Hopkins, Francis (1752–1819), obstetrician, was the son of Francis Hopkins, described as a ‘gentleman of means’, of Davidstown, Co. Meath. He graduated BA (1773) from TCD, and MD (1777) from Edinburgh University. In 1779 Hopkins became the first practitioner of midwifery to be admitted licentiate of the (R)K&QCPI on the repeal of its by-law of 1753 which excluded practitioners of midwifery from examination for a medical degree. Elevated to fellowship (1780), he was elected president of the (R)K&QCPI six times between 1785 and 1815, and devoted considerable time to college administration.

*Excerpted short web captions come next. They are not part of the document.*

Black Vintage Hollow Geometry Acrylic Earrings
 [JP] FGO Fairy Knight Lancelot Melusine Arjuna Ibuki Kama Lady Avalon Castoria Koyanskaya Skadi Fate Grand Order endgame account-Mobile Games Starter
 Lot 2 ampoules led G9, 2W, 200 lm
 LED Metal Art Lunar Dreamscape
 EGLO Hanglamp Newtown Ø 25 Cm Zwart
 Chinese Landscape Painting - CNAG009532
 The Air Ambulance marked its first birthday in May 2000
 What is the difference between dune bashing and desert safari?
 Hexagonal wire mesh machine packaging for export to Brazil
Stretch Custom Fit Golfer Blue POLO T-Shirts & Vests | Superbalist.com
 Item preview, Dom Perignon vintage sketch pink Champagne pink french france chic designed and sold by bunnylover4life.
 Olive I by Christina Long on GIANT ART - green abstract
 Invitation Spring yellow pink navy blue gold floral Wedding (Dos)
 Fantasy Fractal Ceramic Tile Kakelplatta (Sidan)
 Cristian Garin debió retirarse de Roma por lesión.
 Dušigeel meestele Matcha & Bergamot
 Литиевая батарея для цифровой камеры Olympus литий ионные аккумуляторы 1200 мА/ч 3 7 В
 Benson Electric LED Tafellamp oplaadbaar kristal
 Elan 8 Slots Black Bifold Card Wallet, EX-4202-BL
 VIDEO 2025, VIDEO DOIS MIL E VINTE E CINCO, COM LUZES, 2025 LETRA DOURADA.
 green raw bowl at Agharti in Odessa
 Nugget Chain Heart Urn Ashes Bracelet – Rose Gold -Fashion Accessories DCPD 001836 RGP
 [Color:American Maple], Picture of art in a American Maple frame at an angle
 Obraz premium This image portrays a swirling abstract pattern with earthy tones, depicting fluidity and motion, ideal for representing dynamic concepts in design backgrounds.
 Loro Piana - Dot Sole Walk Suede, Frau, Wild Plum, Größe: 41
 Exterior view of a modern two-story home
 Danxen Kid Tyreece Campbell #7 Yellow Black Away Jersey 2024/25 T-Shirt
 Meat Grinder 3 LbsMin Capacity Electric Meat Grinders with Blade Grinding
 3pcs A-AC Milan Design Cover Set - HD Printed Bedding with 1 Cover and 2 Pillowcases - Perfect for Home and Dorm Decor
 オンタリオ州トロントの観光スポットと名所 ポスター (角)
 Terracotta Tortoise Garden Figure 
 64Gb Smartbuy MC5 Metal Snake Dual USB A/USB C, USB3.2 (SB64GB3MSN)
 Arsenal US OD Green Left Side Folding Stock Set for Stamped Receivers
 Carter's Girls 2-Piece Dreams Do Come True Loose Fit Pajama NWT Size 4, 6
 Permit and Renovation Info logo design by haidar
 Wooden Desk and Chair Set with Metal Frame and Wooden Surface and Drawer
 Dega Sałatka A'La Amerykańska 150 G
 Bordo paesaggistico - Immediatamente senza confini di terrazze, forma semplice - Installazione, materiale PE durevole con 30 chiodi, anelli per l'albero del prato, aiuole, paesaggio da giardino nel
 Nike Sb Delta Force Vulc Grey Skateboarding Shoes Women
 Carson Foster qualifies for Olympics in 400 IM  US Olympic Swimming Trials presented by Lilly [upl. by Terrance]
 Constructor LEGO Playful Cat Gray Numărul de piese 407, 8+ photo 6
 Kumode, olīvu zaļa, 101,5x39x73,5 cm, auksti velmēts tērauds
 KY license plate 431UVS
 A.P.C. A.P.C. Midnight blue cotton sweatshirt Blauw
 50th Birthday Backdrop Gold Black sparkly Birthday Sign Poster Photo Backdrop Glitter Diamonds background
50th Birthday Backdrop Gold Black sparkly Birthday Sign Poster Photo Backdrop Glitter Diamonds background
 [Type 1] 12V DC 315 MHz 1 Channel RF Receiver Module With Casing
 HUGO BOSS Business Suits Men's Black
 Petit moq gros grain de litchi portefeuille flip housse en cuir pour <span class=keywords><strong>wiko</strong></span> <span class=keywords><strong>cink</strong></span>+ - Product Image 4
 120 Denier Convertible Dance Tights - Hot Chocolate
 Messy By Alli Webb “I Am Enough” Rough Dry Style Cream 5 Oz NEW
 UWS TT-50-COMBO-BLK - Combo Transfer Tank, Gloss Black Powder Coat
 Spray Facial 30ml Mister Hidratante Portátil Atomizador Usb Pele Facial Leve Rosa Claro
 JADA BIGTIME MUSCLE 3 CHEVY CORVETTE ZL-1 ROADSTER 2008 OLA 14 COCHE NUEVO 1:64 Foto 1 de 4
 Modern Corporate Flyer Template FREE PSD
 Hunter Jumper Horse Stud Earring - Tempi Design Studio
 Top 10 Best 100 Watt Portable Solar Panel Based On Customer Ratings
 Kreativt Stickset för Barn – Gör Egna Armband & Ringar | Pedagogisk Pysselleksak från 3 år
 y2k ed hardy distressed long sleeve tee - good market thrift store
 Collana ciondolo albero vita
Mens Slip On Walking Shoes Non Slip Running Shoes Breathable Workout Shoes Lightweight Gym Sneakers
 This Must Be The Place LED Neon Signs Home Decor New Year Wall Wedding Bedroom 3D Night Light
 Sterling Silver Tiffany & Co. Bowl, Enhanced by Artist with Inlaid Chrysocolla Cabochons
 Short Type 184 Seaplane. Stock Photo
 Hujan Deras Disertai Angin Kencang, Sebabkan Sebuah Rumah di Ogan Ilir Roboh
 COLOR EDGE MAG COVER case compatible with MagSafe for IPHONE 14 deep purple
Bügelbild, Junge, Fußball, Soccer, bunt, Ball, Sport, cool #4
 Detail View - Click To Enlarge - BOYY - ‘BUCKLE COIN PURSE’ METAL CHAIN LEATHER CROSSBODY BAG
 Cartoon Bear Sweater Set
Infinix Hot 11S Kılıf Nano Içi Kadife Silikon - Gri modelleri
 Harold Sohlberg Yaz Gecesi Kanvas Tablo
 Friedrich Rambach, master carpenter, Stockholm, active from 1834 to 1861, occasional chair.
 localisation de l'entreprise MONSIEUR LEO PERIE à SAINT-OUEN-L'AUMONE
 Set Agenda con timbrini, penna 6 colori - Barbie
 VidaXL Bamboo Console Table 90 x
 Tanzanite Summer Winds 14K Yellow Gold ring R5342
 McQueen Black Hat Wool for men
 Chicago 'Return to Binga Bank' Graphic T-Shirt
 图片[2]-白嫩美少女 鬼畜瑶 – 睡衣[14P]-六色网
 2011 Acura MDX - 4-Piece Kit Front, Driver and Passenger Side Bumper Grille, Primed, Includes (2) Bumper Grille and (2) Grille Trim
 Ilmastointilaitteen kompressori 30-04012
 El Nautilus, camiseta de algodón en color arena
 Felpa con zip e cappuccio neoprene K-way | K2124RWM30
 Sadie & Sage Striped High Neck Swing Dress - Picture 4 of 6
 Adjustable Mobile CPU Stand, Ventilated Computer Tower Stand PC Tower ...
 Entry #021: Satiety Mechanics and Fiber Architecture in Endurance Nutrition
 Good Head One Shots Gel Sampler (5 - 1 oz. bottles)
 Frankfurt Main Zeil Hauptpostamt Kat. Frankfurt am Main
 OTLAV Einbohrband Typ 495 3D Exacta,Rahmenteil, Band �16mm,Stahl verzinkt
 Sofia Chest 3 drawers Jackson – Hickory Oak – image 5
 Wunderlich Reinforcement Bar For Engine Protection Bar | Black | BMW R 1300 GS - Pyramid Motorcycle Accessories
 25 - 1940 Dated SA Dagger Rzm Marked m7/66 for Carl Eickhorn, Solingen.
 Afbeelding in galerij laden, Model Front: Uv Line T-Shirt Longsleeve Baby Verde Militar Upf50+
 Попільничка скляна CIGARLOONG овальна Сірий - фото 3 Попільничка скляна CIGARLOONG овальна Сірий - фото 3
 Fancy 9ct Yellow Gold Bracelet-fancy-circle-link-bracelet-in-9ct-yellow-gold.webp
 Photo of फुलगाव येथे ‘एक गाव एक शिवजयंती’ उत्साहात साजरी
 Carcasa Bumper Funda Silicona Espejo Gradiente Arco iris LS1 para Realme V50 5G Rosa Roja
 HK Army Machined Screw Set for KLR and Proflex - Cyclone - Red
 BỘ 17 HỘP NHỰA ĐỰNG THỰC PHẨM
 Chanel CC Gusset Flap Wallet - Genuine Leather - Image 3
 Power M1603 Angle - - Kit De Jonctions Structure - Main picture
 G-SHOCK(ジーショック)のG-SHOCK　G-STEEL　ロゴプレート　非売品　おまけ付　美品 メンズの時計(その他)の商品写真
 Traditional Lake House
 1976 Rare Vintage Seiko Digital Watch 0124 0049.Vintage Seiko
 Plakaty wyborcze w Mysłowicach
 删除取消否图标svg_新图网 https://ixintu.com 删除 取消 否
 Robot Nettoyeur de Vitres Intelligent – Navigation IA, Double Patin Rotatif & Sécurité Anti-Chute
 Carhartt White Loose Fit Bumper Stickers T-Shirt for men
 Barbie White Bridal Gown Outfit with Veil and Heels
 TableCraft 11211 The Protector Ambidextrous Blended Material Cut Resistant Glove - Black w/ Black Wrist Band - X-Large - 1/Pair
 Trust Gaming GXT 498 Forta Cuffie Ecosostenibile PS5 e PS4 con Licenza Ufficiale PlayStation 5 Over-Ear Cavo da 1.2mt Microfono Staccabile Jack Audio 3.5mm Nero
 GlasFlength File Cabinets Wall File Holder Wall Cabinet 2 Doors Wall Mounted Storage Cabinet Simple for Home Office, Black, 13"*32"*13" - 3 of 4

He served as physician to the Meath Hospital (1781–5) and Mercer's Hospital, Dublin (1786–1811), where he was elected a governor, and to the army medical department (1797). In 1786 the governors of Mercer's were forced to abandon their agreement to provide beds for clinical teaching for TCD when, according to Dr Edward Hill (qv), in ‘a fit of the spleen he [Hopkins] frustrated the negotiations’. His anger may have been provoked by his unsuccessful application for the King's professorship of the practice of medicine at TCD; he was subsequently appointed lecturer in midwifery at TCD (1803).
Assistant master of the Rotunda Hospital (1789–92), he was elected master (1807–14) after his unsuccessful candidatures in 1793 and 1800. During his mastership, four student nurses were introduced into the hospital and given a six-months' training course. In 1813 during an epidemic of puerperal fever in the hospital, the death-rate rose to 2.49 per cent; John Brenan (qv), MD, a student attached to the hospital, published a pamphlet in 1814 describing the curative powers of turpentine, which he had administered to patients – without, however, the necessary permission of Hopkins. Brenan refused to abandon his treatment and was dismissed by Hopkins, who doubted its efficacy, and who then became the butt of Brenan's jibes in his satirical Milesian Magazine. Hopkins died 19 November 1819 at his home, 130 Baggot St., Dublin. He was survived by his sons Francis Hopkins and the Rev. James Hopkins.